━━ AVAILABLE DATA ━━

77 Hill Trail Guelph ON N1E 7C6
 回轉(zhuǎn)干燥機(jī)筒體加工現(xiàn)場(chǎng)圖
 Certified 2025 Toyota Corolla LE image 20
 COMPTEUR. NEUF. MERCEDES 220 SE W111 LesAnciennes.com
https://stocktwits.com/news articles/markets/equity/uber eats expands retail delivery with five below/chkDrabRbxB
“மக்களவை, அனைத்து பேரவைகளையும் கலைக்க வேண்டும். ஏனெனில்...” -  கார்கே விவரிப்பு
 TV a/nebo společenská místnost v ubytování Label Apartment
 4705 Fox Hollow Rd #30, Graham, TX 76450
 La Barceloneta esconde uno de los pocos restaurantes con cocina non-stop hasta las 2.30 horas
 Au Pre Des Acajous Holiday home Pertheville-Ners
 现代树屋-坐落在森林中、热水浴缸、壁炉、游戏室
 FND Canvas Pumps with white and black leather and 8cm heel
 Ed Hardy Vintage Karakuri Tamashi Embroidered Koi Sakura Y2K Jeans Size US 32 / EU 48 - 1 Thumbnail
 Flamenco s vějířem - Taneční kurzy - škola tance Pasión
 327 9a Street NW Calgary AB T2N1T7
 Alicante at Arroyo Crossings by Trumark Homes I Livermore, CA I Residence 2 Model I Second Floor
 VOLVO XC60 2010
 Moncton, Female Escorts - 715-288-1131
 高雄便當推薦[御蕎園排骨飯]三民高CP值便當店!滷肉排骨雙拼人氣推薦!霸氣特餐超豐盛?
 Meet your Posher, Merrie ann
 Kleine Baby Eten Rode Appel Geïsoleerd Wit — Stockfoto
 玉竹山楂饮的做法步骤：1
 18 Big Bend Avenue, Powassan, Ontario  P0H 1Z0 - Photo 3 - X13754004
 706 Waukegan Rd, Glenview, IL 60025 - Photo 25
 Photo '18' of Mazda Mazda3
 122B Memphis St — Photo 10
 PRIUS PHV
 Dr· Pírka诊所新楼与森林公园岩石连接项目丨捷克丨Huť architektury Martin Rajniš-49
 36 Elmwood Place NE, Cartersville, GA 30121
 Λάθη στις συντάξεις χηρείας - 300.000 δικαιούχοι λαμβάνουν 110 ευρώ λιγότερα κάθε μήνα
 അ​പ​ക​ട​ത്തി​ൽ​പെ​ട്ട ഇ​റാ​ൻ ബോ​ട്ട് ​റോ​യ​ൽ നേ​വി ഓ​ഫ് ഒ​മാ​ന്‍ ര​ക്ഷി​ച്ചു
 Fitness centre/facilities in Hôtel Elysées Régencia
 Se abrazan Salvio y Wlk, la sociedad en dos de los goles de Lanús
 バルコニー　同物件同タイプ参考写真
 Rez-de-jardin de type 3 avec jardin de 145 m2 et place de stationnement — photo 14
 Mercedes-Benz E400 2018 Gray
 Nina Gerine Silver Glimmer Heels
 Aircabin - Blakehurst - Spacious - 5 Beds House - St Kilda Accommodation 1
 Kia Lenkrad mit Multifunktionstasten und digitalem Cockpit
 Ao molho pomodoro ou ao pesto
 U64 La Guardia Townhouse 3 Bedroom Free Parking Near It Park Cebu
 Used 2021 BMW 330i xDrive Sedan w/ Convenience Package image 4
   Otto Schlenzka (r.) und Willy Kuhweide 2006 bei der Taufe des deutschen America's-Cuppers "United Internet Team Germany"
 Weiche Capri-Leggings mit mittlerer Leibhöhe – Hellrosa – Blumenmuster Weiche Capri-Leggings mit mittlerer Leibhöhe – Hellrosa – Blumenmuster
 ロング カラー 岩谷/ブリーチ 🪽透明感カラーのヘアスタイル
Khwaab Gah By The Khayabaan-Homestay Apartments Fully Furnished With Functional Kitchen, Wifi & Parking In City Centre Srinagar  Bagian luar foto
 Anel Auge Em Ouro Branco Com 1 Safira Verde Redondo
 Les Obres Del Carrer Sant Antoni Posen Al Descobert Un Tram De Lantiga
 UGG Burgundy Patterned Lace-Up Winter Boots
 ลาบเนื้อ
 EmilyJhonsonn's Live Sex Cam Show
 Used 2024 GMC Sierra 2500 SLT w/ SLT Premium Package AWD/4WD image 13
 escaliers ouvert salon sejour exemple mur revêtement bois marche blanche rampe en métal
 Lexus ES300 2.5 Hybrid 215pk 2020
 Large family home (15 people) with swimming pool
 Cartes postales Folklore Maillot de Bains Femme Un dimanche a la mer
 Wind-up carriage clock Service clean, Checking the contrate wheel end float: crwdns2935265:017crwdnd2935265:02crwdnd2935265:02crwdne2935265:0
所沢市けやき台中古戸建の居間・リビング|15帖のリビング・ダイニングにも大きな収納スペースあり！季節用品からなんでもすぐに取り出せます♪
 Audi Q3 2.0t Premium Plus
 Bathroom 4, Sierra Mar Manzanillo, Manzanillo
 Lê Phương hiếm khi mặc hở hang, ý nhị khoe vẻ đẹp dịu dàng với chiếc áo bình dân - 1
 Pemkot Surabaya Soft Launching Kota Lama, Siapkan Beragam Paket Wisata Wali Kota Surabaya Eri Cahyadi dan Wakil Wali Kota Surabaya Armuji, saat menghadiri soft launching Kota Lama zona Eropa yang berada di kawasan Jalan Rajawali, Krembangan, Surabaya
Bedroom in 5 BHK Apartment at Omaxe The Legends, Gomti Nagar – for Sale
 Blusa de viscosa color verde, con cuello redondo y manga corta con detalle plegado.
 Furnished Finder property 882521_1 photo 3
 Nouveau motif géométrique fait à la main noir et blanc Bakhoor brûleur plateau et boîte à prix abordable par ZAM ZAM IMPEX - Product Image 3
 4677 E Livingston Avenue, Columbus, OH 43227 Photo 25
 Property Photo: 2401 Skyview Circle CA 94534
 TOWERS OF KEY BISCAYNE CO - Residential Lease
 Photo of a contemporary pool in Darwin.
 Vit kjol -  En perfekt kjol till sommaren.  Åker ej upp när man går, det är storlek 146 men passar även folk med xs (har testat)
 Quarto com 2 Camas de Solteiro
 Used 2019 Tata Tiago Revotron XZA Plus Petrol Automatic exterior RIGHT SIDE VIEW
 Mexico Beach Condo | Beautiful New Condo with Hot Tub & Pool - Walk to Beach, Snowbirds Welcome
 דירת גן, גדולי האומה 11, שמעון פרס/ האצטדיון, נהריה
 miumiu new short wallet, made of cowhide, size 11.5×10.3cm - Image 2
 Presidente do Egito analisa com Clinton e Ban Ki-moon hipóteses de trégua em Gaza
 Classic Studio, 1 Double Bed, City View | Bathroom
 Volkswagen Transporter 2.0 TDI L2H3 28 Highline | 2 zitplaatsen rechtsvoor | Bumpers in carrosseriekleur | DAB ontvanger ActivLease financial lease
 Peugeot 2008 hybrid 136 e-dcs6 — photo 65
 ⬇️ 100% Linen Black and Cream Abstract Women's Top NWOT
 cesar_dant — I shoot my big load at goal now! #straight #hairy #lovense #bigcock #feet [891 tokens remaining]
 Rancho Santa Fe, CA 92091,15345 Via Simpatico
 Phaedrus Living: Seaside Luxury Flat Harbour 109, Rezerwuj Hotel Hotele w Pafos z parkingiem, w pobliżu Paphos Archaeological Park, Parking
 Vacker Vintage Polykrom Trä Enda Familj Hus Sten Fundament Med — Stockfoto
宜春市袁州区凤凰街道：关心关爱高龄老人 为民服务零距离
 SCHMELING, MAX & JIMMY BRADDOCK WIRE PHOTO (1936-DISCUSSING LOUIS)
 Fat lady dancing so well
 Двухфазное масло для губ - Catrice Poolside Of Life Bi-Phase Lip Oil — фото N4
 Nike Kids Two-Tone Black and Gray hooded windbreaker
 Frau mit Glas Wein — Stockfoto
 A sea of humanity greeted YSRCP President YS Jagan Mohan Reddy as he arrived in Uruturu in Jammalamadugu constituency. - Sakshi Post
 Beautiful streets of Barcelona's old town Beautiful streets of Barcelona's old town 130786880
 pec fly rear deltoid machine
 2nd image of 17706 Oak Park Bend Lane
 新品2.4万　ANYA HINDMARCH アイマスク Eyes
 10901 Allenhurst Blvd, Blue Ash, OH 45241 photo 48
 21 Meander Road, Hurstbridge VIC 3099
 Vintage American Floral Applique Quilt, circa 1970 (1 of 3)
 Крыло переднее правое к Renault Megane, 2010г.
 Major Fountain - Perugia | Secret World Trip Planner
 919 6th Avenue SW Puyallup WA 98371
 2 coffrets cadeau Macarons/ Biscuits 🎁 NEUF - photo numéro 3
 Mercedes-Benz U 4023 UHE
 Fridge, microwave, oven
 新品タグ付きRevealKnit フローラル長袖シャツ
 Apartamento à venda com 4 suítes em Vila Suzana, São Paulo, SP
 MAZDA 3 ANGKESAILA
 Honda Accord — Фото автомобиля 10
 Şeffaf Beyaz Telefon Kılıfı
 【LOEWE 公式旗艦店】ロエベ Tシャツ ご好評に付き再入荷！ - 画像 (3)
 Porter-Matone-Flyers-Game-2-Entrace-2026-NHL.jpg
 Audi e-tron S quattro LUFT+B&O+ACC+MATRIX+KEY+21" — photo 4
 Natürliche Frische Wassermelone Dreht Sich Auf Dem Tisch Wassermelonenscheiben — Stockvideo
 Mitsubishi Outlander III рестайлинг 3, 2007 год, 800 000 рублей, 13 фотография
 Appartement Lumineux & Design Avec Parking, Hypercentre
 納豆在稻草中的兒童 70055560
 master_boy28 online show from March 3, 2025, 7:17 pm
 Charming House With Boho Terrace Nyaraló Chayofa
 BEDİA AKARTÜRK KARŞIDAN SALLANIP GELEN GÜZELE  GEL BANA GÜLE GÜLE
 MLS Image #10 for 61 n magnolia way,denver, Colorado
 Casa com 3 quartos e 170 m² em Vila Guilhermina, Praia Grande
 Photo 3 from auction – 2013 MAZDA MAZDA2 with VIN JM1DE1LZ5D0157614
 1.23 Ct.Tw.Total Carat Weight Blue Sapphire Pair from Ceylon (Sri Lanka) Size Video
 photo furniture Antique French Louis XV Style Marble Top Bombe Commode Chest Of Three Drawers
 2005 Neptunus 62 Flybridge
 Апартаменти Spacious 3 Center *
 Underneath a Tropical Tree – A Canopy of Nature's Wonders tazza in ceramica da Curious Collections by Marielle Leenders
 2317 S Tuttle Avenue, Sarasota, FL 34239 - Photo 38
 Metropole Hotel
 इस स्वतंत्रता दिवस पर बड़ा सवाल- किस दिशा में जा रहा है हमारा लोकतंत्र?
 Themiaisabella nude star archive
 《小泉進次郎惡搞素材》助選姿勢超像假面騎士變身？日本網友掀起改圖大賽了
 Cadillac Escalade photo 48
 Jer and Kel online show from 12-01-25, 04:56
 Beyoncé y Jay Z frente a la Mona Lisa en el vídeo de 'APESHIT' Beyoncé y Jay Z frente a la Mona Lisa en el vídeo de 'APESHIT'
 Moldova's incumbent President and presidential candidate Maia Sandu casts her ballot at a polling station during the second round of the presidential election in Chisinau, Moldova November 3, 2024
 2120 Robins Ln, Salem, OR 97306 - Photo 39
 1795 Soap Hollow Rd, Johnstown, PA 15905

━━━

REQUIRED ACTION: Your task is to quote, without any alteration, the lines running from the top of the records to the line that holds "Λάθη στις συντάξεις", both included.

OUTPUT OF THE EXERCISE:
77 Hill Trail Guelph ON N1E 7C6
 回轉(zhuǎn)干燥機(jī)筒體加工現(xiàn)場(chǎng)圖
 Certified 2025 Toyota Corolla LE image 20
 COMPTEUR. NEUF. MERCEDES 220 SE W111 LesAnciennes.com
https://stocktwits.com/news articles/markets/equity/uber eats expands retail delivery with five below/chkDrabRbxB
“மக்களவை, அனைத்து பேரவைகளையும் கலைக்க வேண்டும். ஏனெனில்...” -  கார்கே விவரிப்பு
 TV a/nebo společenská místnost v ubytování Label Apartment
 4705 Fox Hollow Rd #30, Graham, TX 76450
 La Barceloneta esconde uno de los pocos restaurantes con cocina non-stop hasta las 2.30 horas
 Au Pre Des Acajous Holiday home Pertheville-Ners
 现代树屋-坐落在森林中、热水浴缸、壁炉、游戏室
 FND Canvas Pumps with white and black leather and 8cm heel
 Ed Hardy Vintage Karakuri Tamashi Embroidered Koi Sakura Y2K Jeans Size US 32 / EU 48 - 1 Thumbnail
 Flamenco s vějířem - Taneční kurzy - škola tance Pasión
 327 9a Street NW Calgary AB T2N1T7
 Alicante at Arroyo Crossings by Trumark Homes I Livermore, CA I Residence 2 Model I Second Floor
 VOLVO XC60 2010
 Moncton, Female Escorts - 715-288-1131
 高雄便當推薦[御蕎園排骨飯]三民高CP值便當店!滷肉排骨雙拼人氣推薦!霸氣特餐超豐盛?
 Meet your Posher, Merrie ann
 Kleine Baby Eten Rode Appel Geïsoleerd Wit — Stockfoto
 玉竹山楂饮的做法步骤：1
 18 Big Bend Avenue, Powassan, Ontario  P0H 1Z0 - Photo 3 - X13754004
 706 Waukegan Rd, Glenview, IL 60025 - Photo 25
 Photo '18' of Mazda Mazda3
 122B Memphis St — Photo 10
 PRIUS PHV
 Dr· Pírka诊所新楼与森林公园岩石连接项目丨捷克丨Huť architektury Martin Rajniš-49
 36 Elmwood Place NE, Cartersville, GA 30121
 Λάθη στις συντάξεις χηρείας - 300.000 δικαιούχοι λαμβάνουν 110 ευρώ λιγότερα κάθε μήνα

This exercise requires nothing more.